Page 26 of Northern Heart


Font Size:

Did you notice how they responded to you?

I had noticed. I just didn't understand why.

By morning, I knew I needed answers. Real answers. Not the clinical explanations Rae gave during staff meetings, not the carefully worded reports Neal compiled. I needed to understand what was happening to me—what I was doing to those ferals without meaning to.

There was only one place at Frosthaven that might have that information.

Chapter five

Tomlinson's private study was smaller than I expected.

The room was hidden behind his classroom office, accessed through a door disguised as part of the bookshelf. When I asked if Ivy and I could research feral recovery, he studied me for a long moment before opening it.

The shelves were crammed floor to ceiling with books that shouldn't exist. Texts on pack dynamics. Feral classification systems. Histories of bloodlines that the human world had never heard of. Tomlinson had spent decades building this collection.

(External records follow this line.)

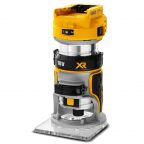 DeWALT DCW600N-XJ Akkus felsőmaró akku és töltő nélkül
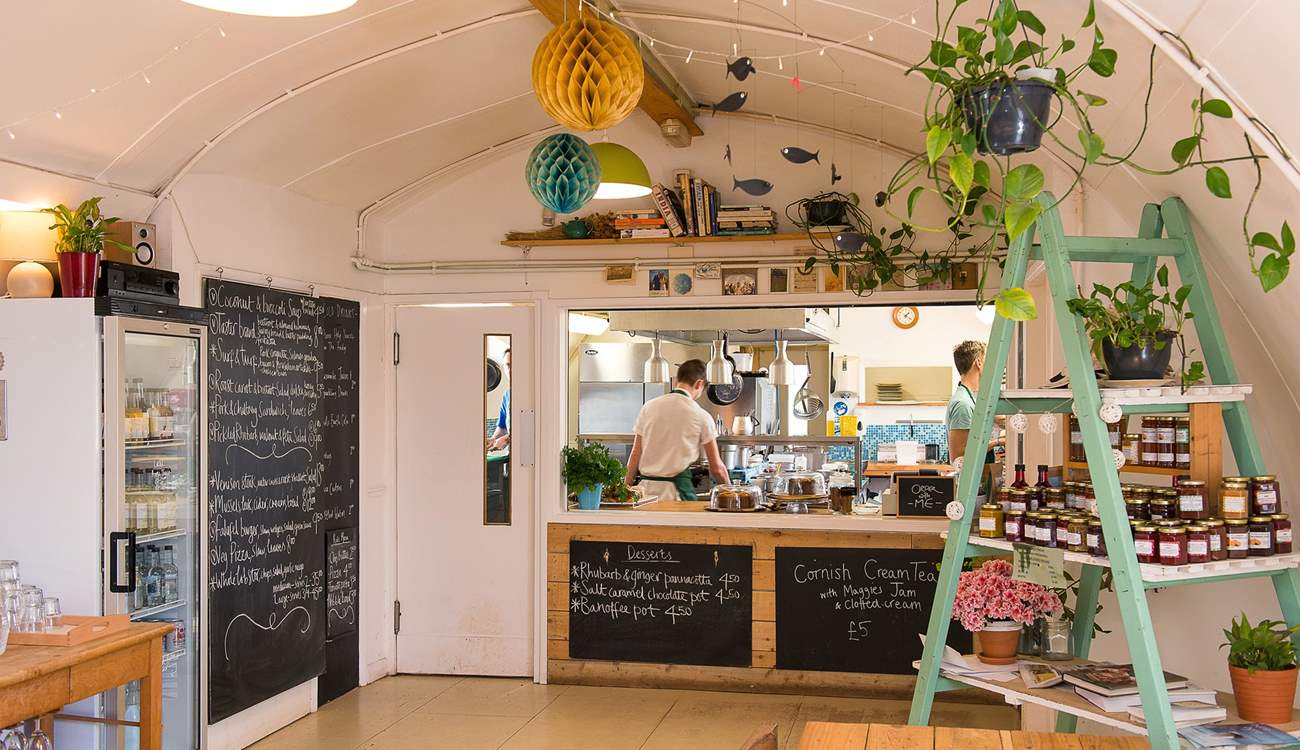 Take a hike to The Canteen and indulge in a delicious treat or two!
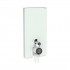 Geberit Monolith moduł sanitarny do miski WC stojącej szkło miętowe/aluminium 131.003.SL.5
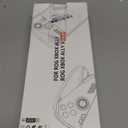 for ROG Xbox Ally X/Ally (2025) 7" TPU Grip Case  Shockproof Non-Slip Full Protective Cover with Kickstand, Anti-Scratch Drop Protection Gaming Console Case (Black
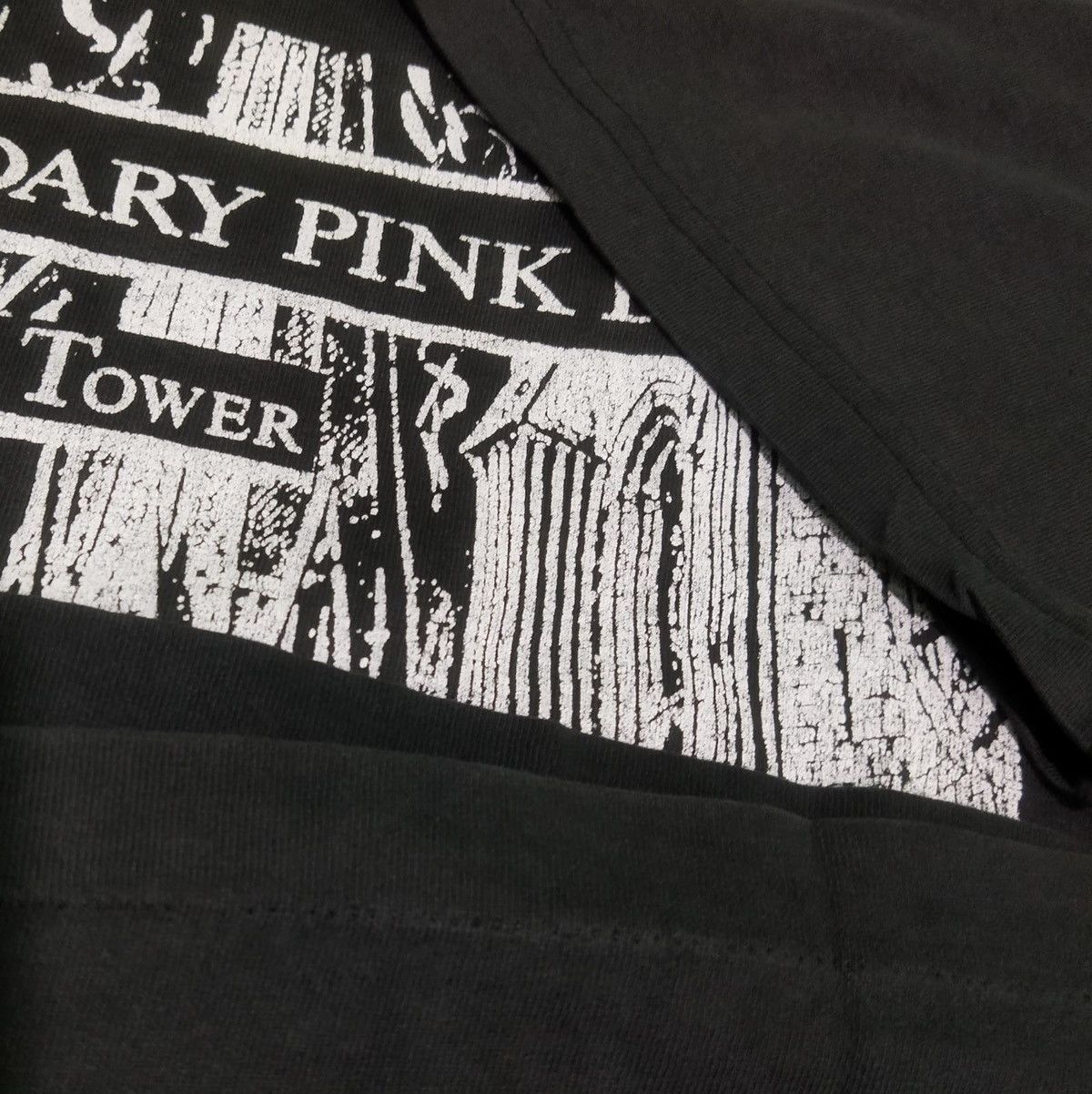 Band Tees Vintage The Legendary Pink Dots Band T Shirt Size US XL / EU 56 / 4 - 4 Thumbnail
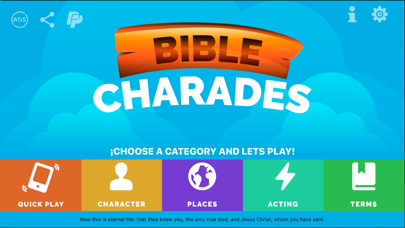 Bible Charades screenshot 2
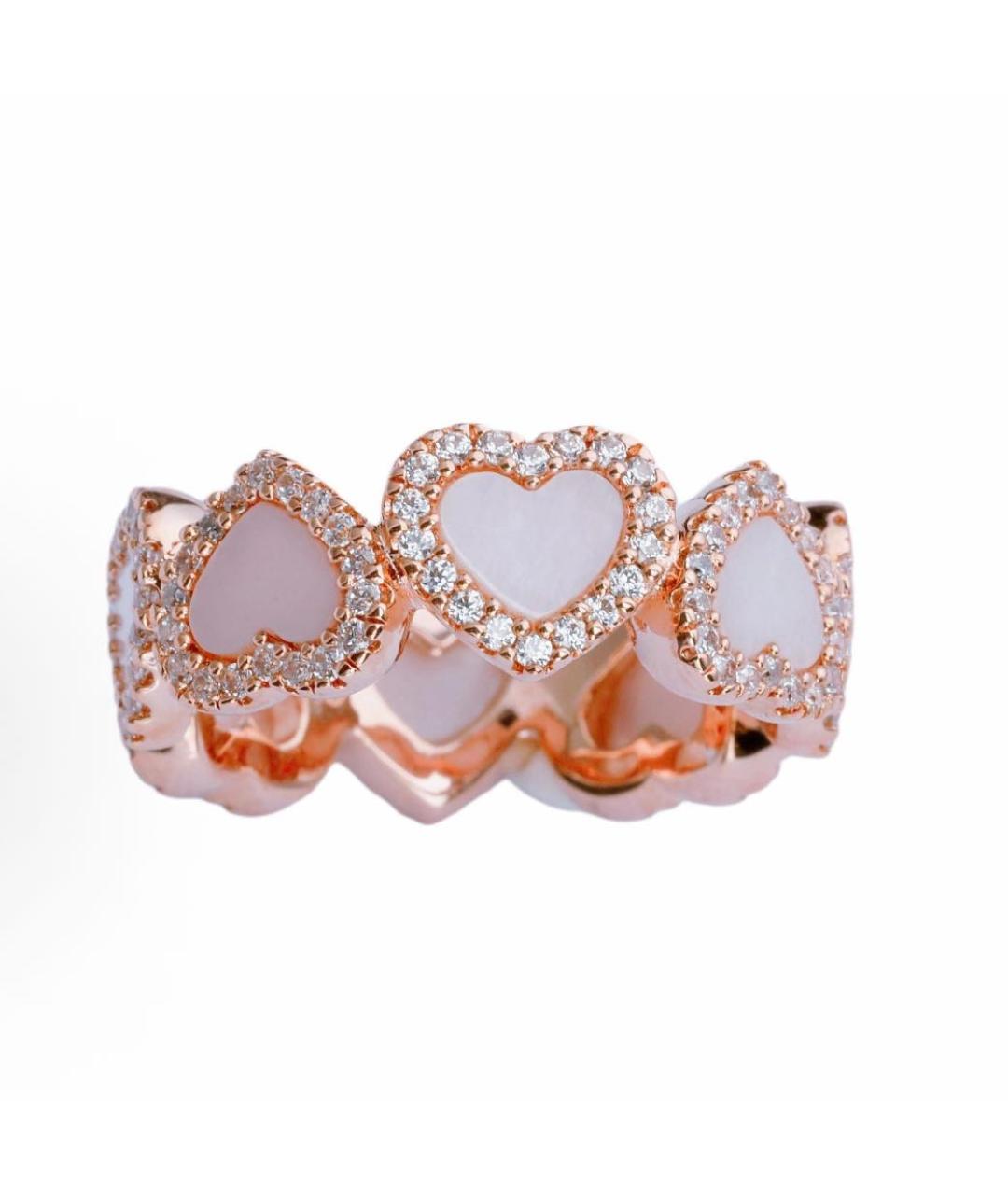 APM Monaco Розовое металлическое кольцо, фото 5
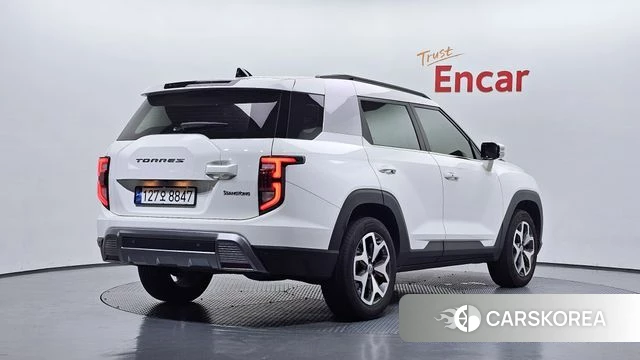 Ssangyong Torres id 4661039 из Кореи 12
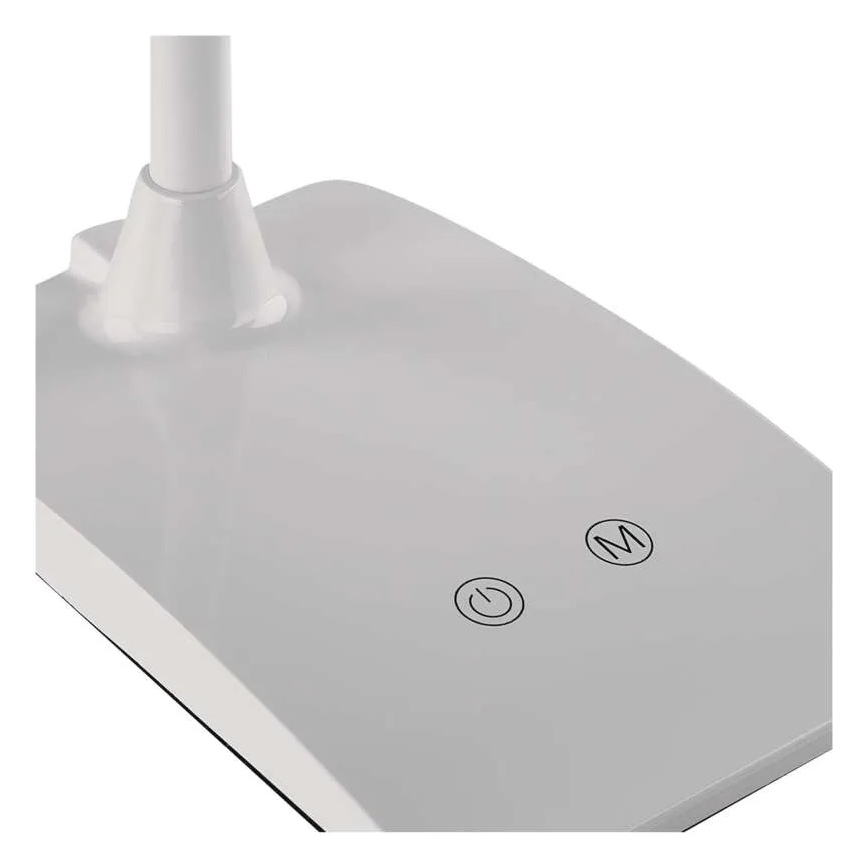 LED Stmívatelná stolní lampa EDDY LED/6W/230V 3000/4500/6800K bílá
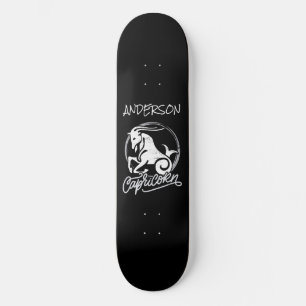 Skateboard Personlig Capricorn Zodiac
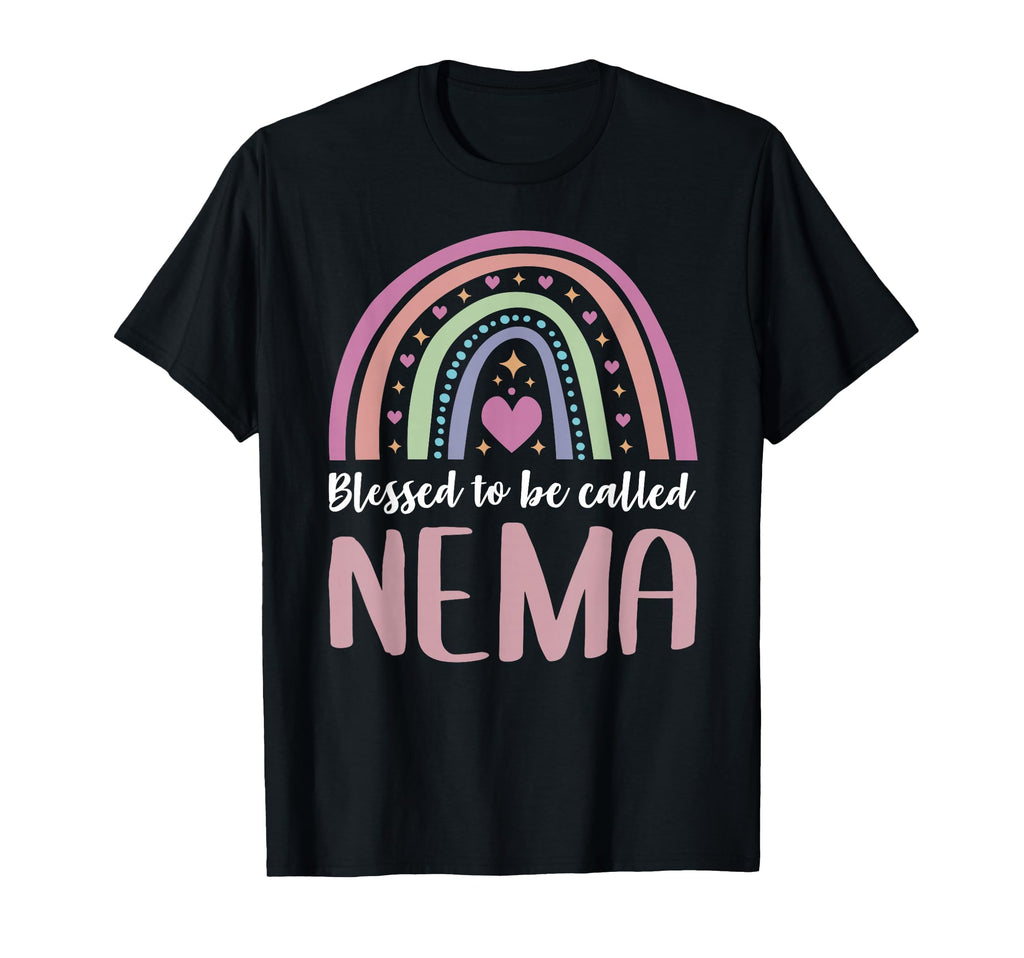 Nema Grandma Mothers Day Blessed Nema T-Shirt - Streetwear Style Unisex - T-Shirt, Sweatshirt, Hoodie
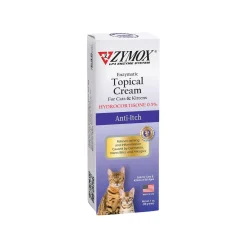 Zymox Enzymatic Topical Cream with Hydrocortisone for Cats & Kittens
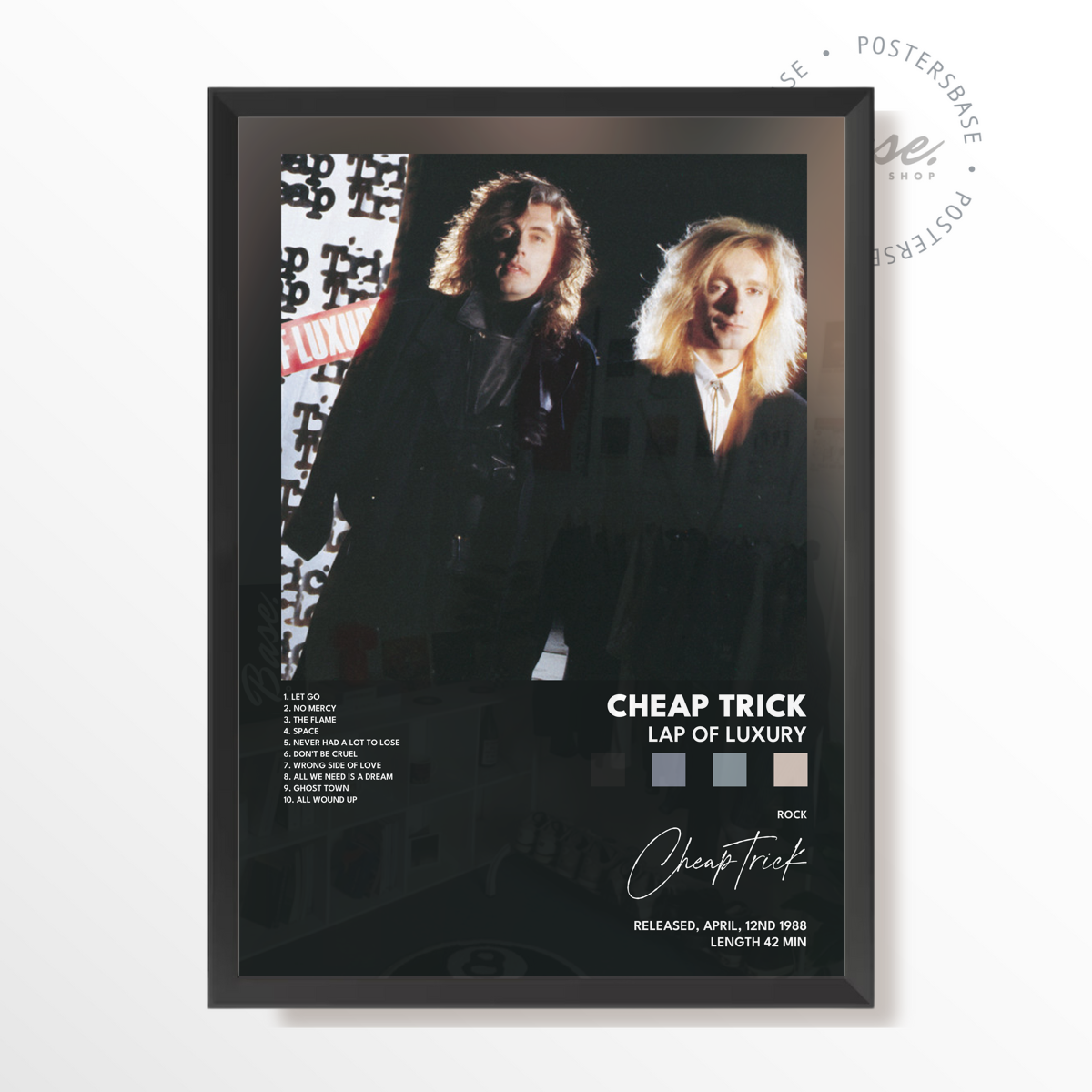 wp-image71286038790488.png cheap trick Lap Of Luxury poster – Image 1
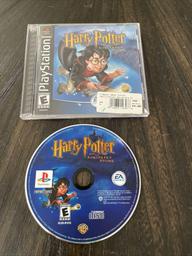 Harry Potter and the Sorcerer's Stone (Sony Playstation 1)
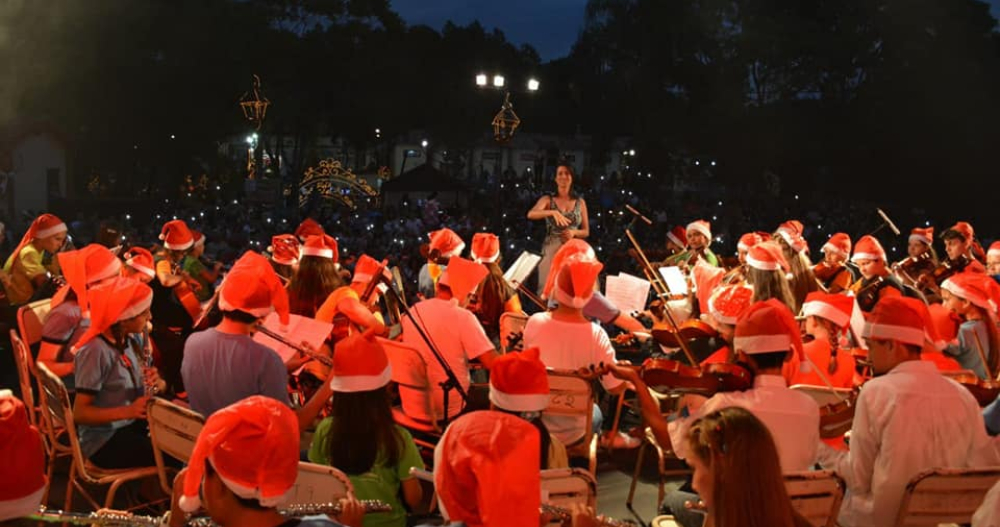 Alem se prepara para el segundo fin de semana de la Navidad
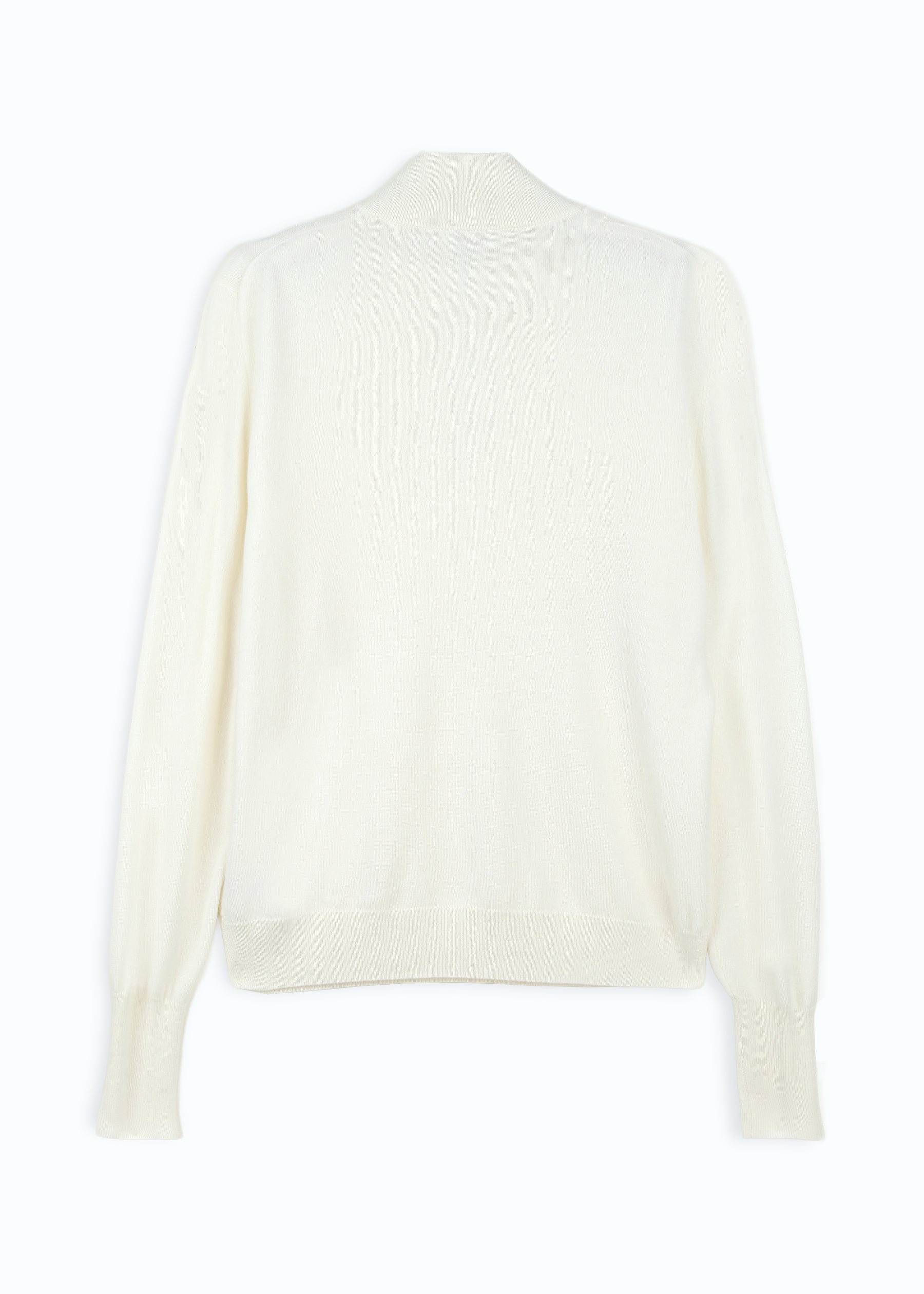 Liscio Men's Cashmere Half Zip Jumper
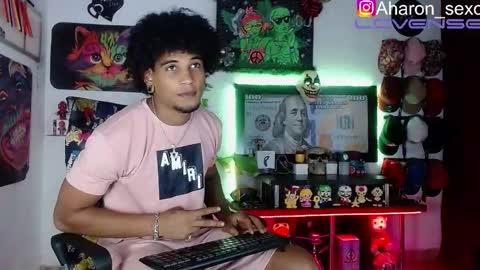 Aharon  Zamora online show from October 27, 3:20 am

It was the most complete supernatural library at Frosthaven. Maybe anywhere.

"This place is unsettling," Ivy said, running her finger along a row of cracked spines. "It's like he's been preparing for the apocalypse."

"Maybe he has."

She shot me a look. "That's not comforting."

"Wasn't trying to be."

She pulled a heavy tome off the shelf and dropped into one of the worn leather chairs. The thing had to weigh ten pounds. She opened it like it was nothing.

"I'll take bond theory," she said. "You start on feral classification. We meet in the middle."

I grabbed my own stack and settled onto the floor, back against the radiator. The metal was cold through my shirt.

Three hours later, I had nothing.

Not nothing exactly. I had plenty of information about ferals—their causes, their symptoms, their treatment protocols. I knew about the different stages of regression, the markers that indicated whether a wolf could be saved. I knew about the history of ferals, the packs that had been decimated, the wars that had been fought over territory and bloodlines.

But nothing about what I could do.

Nothing about why they responded to me the way they did.

"Anything?" Ivy asked.

I shook my head. "You?"

"Bond theory is fascinating, but it's all about established bonds. Mate bonds, pack bonds, familial bonds." She flipped through her notes. "Nothing about whatever's happening with you and those ferals."

"Maybe I'm looking in the wrong place."

"Maybe." She chewed on her bottom lip. "What exactly happened during the run? You never gave me the full story."

So I told her.

The gray wolf sitting at my feet the moment I walked up. The other feral pressing his forehead to my thigh like I was something holy. Stone's vicious growl when another wolf got too close. The way they'd all arranged themselves around me like I was the center of something.

Ivy's face grew more troubled with every word.

"And Cal said they were treating you like pack?"

"Like I was their pack. All of them." I pulled my knees up to my chest. "Not just the ones I'm bonded to."